Processors use cache memory for both instruction and data references. Processors can have separate caches for instruction references and data references. Such caches are called *data caches* and *instruction caches*, respectively. *Unified caches* can contain both instructions and data. In this thesis we focus on data references and data caches only.

Complementary to the cache design problem is the problem of optimally using a cache for a given application, which is the problem we study in this thesis. Given a processor with a cache and a description of an algorithm in a programming language, it is the task of a compiler to translate the algorithm into object code for the processor in such a way that the scarce resources on the processor, in our case the cache, are used optimally.

We divide the field of cache optimisation into two categories: local optimisations and global optimisations. Local optimisations deal with small parts of a program, typically one or two loop nests, whereas global optimisation considers a whole program. Local optimisations have the disadvantage that locally optimal solutions for each part of the program lead to sub-optimal solutions for the whole program. Next to these categories, we make a distinction in the level of detail in which we study the scheduling problem. A high level of detail is achieved by optimisation that considers every individual access to memory. Optimisation with a low level of detail considers arrays or sections of arrays rather than individual array elements. Again, optimising with a low level of detail may lead only to sub-optimal solutions. Therefore, this thesis focuses on global optimisation with a high level of detail.

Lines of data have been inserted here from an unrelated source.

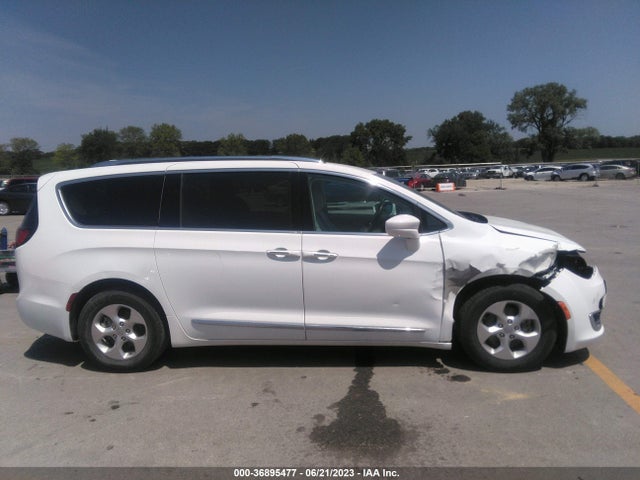 2C4RC1EG2HR727460 Chrysler Pacifica Touring-l Plus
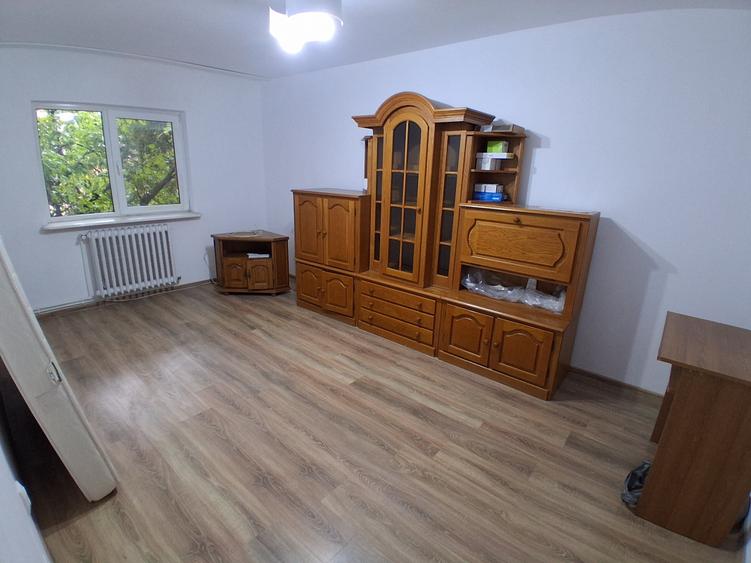 PACURARI PETRU PONI 3 CAMERE DECOMANDAT ET.1 MOBILAT BLOC 1985 COD 160170 - 5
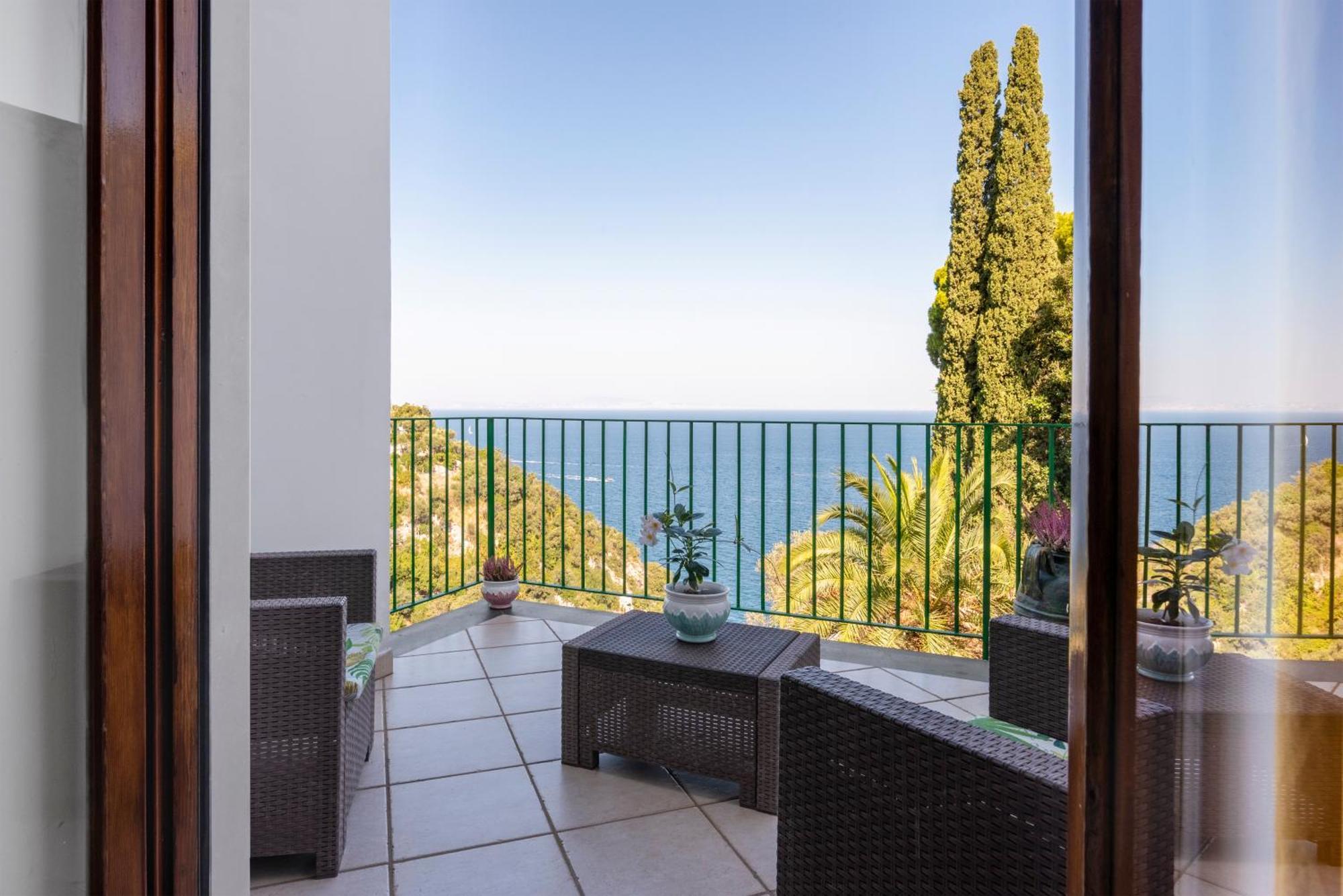 Double Room Balcony Sea View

#### **1.3 Informal problem statement**

For the scheduling problem subject to this thesis we assume that a cache and a video algorithm are given. Parameters that define a cache are, amongst others, cache size and replacement policy. As many video algorithms can be described by a set of operations that must be executed repeatedly, a video algorithm is represented as a series of nested loops. In this way, an execution of an operation of a video algorithm is uniquely identified by the corresponding values of its loop iterators. As a consequence, these operations also produce and consume data in a repetitive way, which is described using multidimensional arrays.

The order of execution of operations can now be defined by periods for every loop iterator, which denote the time between two consecutive iterations of the corresponding loop. Each operation is given a start time, indicating the moment in time at which the first execution takes place. In this thesis periods and start times are used only to give a partial order on the executions of the operations. During scheduling we must assign values to the periods and the start times of all operations. In addition to this *time assignment* we must also assign a memory position to every element of the multidimensional arrays, which is reflected in a so-called *address assignment*.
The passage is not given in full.